Keynote Talk:

Building Models of Reality for Mixed Reality, Contextual AI and Robotics

Project Aria and the Digital Twin Catalog

• Introduction of DTC dataset
  • Dataset composition
  • New online dataset explorer
  • Open-source SOTA 3D object reconstruction baseline methods
• Introduction of Aria Gen 2

Capturing Reality End-to-End: Fast, Texture-Ready Digital Twins with Dynamics and Articulation

Building usable 3D digital twins demands methods that work with realistic inputs and produce simulation-ready assets. This talk traces a practical pipeline that starts with Dynamic Gaussians Mesh (DG-Mesh)—the first approach to extract time-consistent, high-fidelity meshes with cross-frame correspondences from a casual video of a non-rigid scene.
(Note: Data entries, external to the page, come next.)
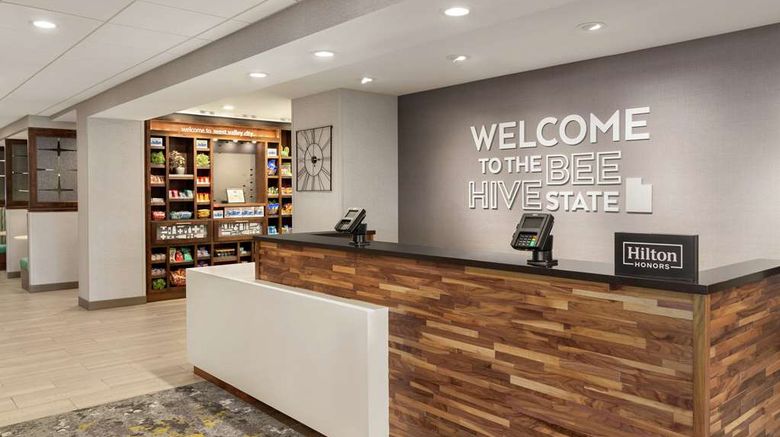 <b>Hampton Inn West Valley Salt Lake City Lobby</b>. Images powered by <a href="https://iceportal.shijigroup.com/" title="IcePortal" target="_blank">IcePortal</a>.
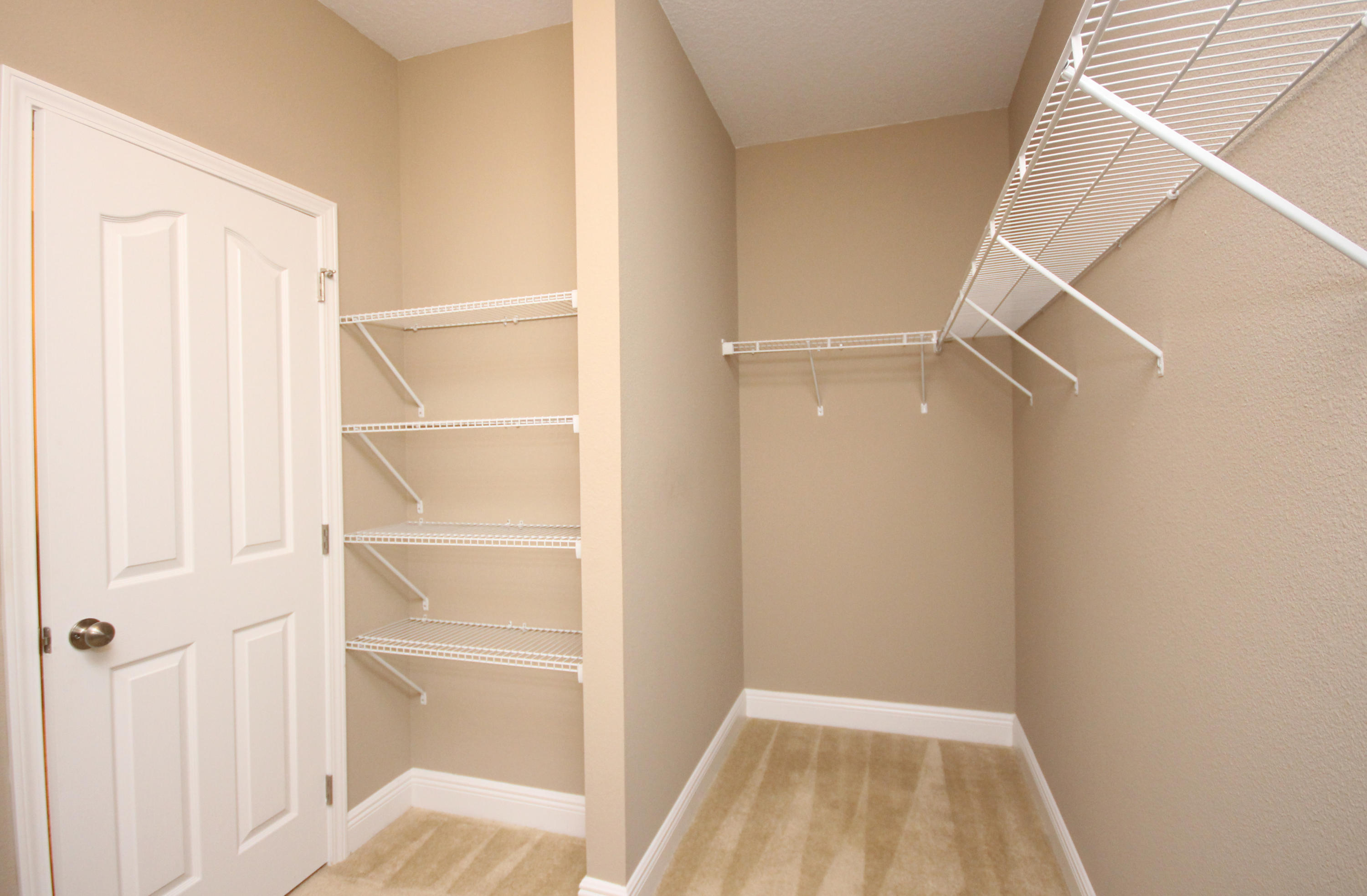 FOX VALLEY - Residential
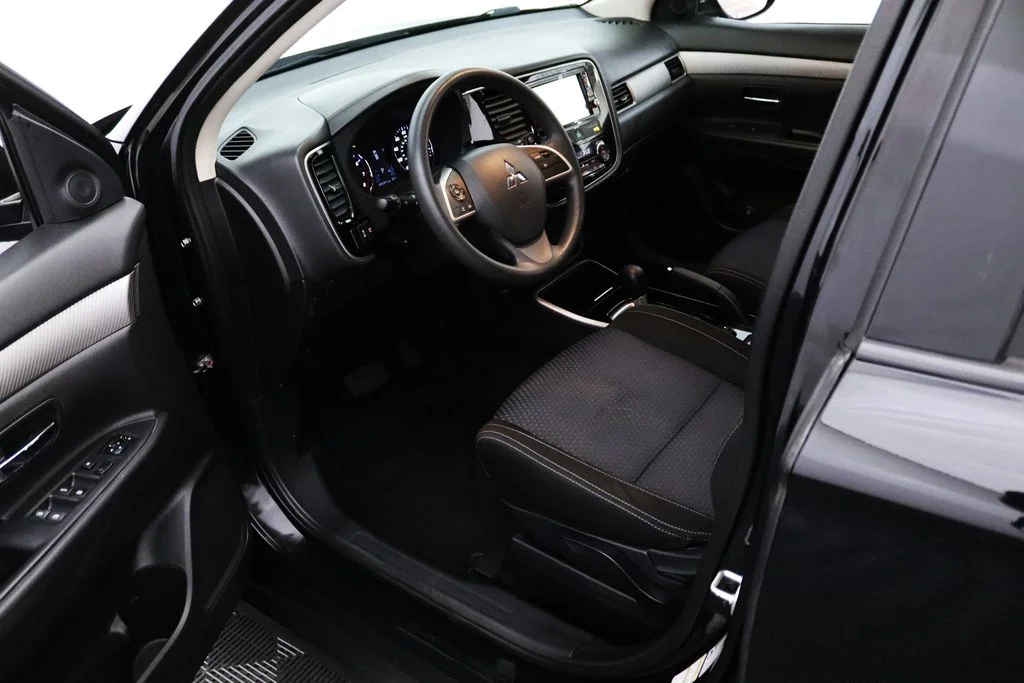 Used 2018 Black Mitsubishi ES image 19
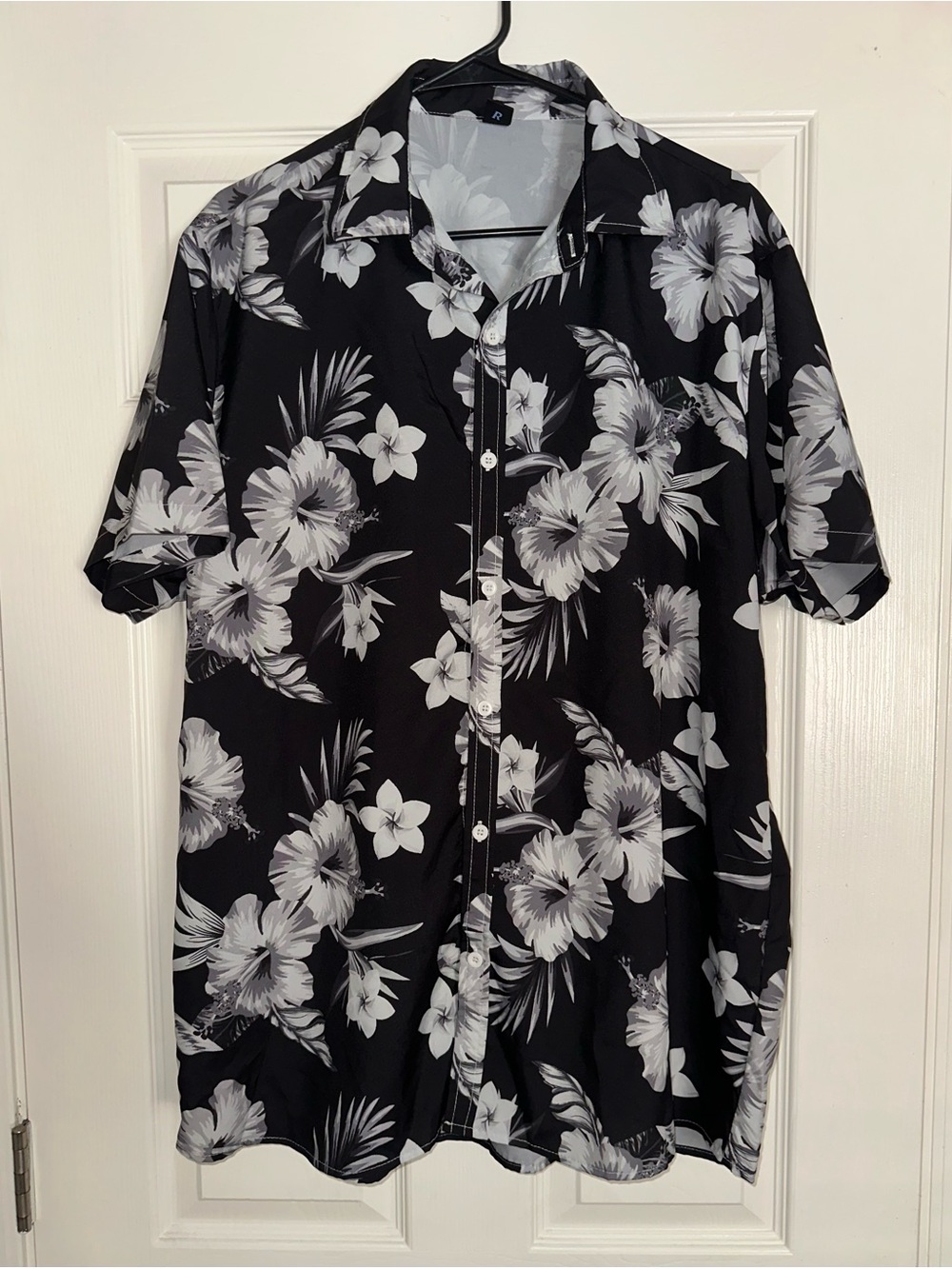 ROMWE Black and White Tropical Floral Button-Down Shirt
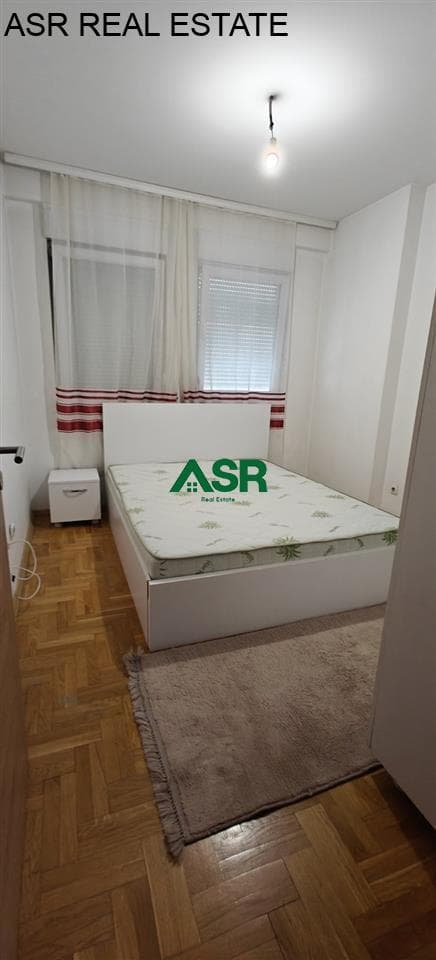 Ofrohet banesa me qira në lagjen Tophane 4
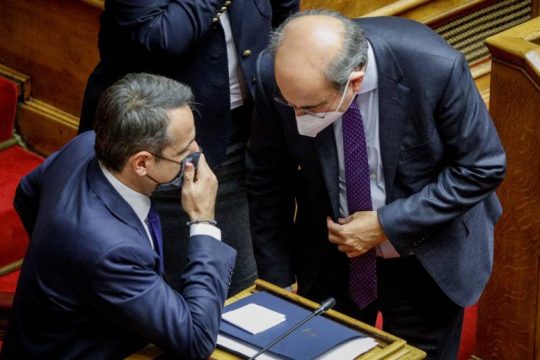 Ξεκινάει στη Βουλή η μάχη για το αντεργατικό νομοσχέδιο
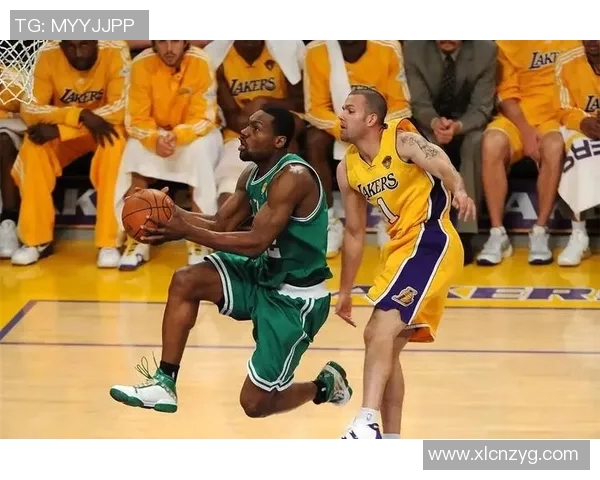 托尼阿伦与科比的对决回顾:防守大师与得分王的精彩碰撞 托尼阿伦与科比的对决回顾:防守大师与得分王的精彩碰撞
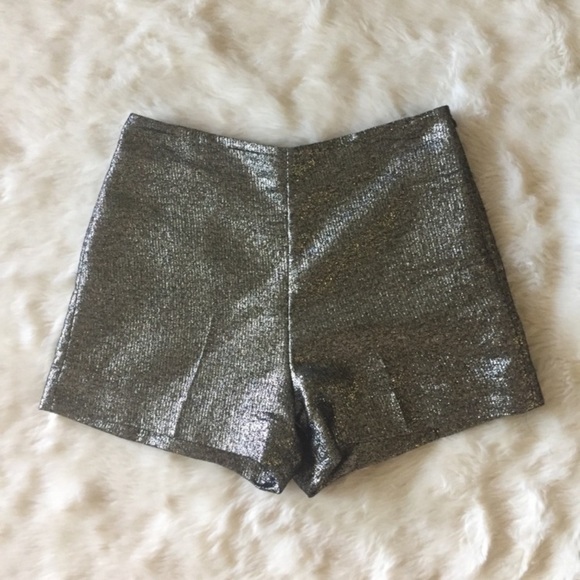 DVF Gold Metallic Simca High Rise Mini Sorts, 4 - Picture 4 of 8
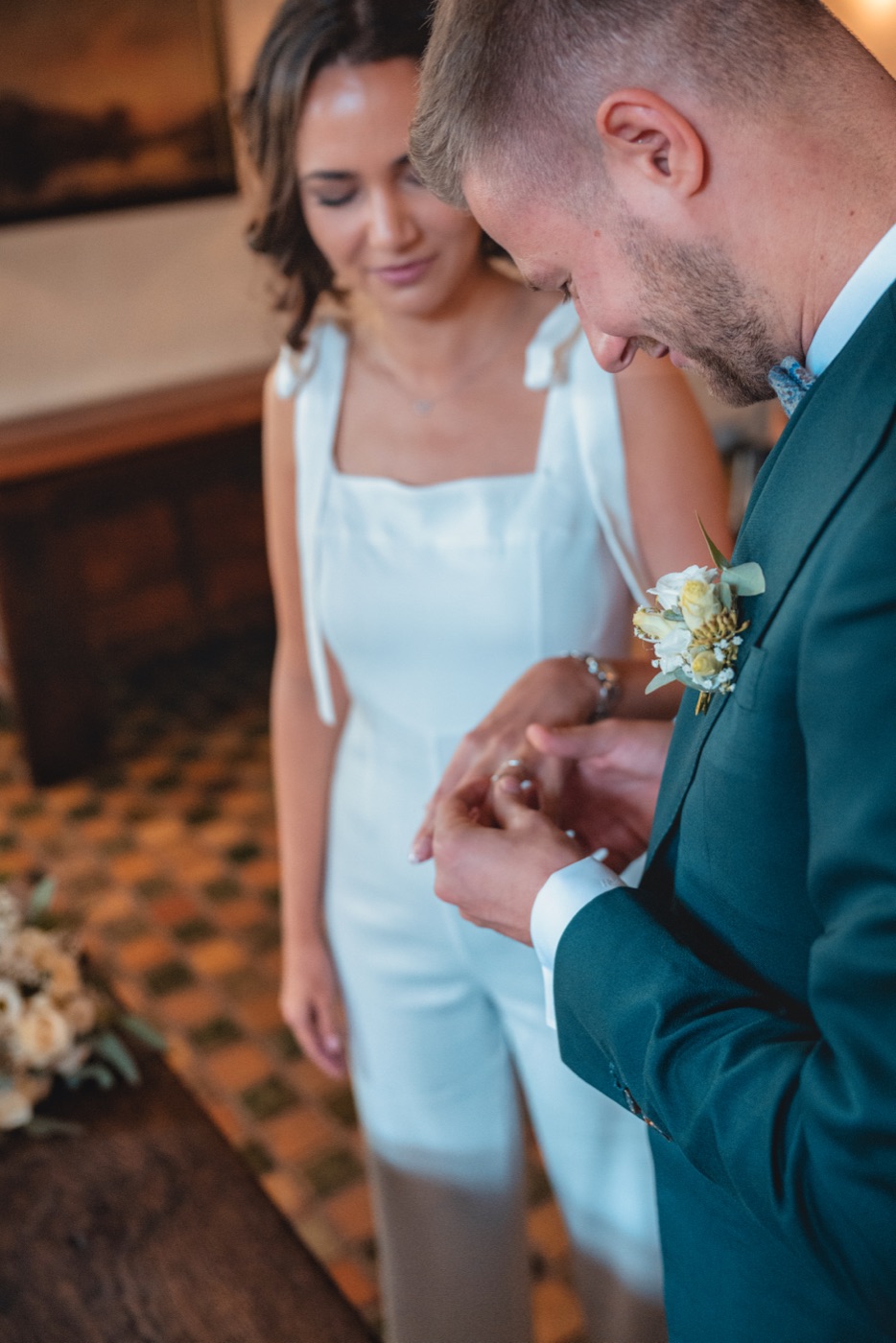 Brautpaar und Gäste während der Zeremonie im Schloss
We then move to LARM, which needs only a handful of viewpoints to recover detailed geometry, textures, and joint skeletons for complex articulated objects, and to PartUV, which turns noisy reconstructions into clean, part-aligned UV maps for texturing. Finally, we show how ManiSkill 3 ingests these assets and drives GPU-parallel physics at tens of thousands of frames per second, closing the loop from monocular capture to large-scale simulation.

4D Digital Twins from Videos in the Wild

Creating 3D digital twins from real-world visual data remains a major challenge, particularly in dynamic environments or when observations are sparse. In this talk, I’ll present our recent work on a streaming 3D reconstruction framework that recovers geometry from sparse-view inputs, in-paints missing regions, and handles the reconstruction of dynamic scenes online. I’ll then introduce approaches that jointly perform reconstruction and tracking, moving toward more complete and coherent digital twins of complex, real-world environments.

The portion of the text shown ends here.